§ DATA LISTING:
───

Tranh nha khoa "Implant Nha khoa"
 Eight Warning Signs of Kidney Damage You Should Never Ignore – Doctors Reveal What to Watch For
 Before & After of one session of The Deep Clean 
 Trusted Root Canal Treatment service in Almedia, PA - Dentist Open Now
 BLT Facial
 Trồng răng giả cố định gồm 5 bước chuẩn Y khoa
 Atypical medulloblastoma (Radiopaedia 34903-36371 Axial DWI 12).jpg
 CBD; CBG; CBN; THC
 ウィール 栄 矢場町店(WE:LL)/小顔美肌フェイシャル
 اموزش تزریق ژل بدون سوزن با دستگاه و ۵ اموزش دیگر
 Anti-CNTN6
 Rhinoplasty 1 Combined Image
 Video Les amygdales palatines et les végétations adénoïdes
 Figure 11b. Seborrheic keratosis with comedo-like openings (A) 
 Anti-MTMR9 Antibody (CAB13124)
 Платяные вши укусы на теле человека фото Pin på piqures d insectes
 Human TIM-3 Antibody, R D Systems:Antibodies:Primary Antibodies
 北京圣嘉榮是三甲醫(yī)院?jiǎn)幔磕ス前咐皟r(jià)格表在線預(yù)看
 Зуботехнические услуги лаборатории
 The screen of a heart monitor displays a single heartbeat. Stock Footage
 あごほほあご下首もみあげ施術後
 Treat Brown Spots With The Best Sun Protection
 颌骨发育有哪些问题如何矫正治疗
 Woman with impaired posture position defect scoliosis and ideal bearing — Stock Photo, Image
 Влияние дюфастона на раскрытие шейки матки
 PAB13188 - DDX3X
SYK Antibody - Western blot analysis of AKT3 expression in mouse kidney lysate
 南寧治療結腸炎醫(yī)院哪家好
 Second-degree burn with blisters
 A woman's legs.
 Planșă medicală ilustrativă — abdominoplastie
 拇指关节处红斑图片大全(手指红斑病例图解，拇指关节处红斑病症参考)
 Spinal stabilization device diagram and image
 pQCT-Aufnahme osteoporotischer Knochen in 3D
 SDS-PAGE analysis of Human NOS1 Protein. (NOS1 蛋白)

───

§ ASSIGNED TASK: Go through the listing above line by line and say how many lines hold the word "Stock". Reply with that number only.

§ TASK ANSWER: 2